→ Exercise
Before writing out the records, remove the pictures; keep everything else exact.

[Opening Excerpted data section]

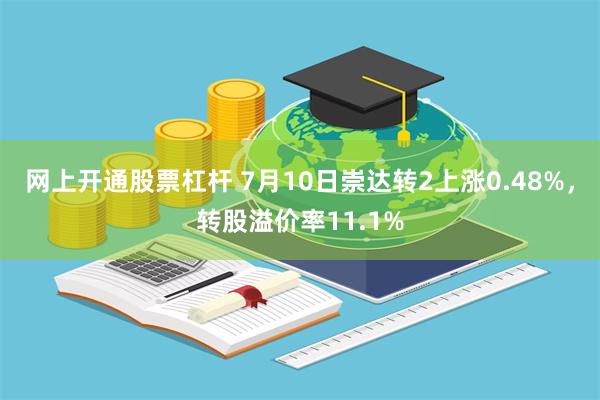 网上开通股票杠杆 7月10日崇达转2上涨0.48%，转股溢价率11.1%
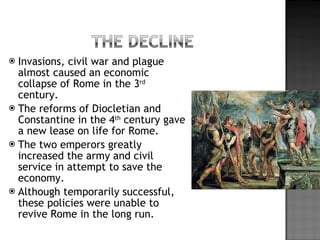 Invasions, civil war and plague almost caused an economic collapse of Rome in the 3 rd  century.  The reforms of Diocletian and Constantine in the 4 th  century gave a new lease on life for Rome.  The two emperors greatly increased the army and civil service in attempt to save the economy. Although temporarily successful, these policies were unable to revive Rome in the long run. 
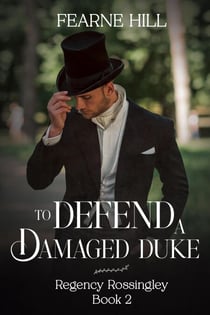 To Defend a Damaged Duke - Regency Rossingley, #2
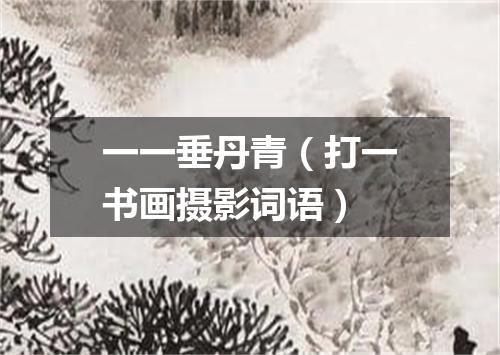 一一垂丹青（打一书画摄影词语）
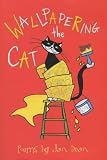 Wallpapering the Cat (Hungry for Poetry 2003)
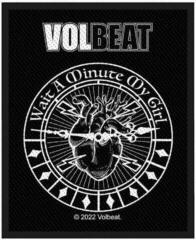 Кръпка / значка Volbeat Wait A Minute My Girl Iron-On пластир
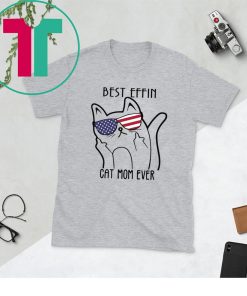 Best effin cat mom ever unisex tshirt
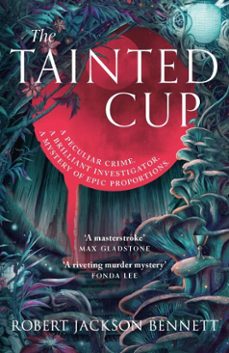 the tainted cup (ebook)-robert jackson bennett-9781399725378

[Closing Excerpted data section]

→ Task solution
 网上开通股票杠杆 7月10日崇达转2上涨0.48%，转股溢价率11.1%
 Invasions, civil war and plague almost caused an economic collapse of Rome in the 3 rd  century.  The reforms of Diocletian and Constantine in the 4 th  century gave a new lease on life for Rome.  The two emperors greatly increased the army and civil service in attempt to save the economy. Although temporarily successful, these policies were unable to revive Rome in the long run. 
 To Defend a Damaged Duke - Regency Rossingley, #2
 一一垂丹青（打一书画摄影词语）
 Wallpapering the Cat (Hungry for Poetry 2003)
 Кръпка / значка Volbeat Wait A Minute My Girl Iron-On пластир
 Best effin cat mom ever unisex tshirt
 the tainted cup (ebook)-robert jackson bennett-9781399725378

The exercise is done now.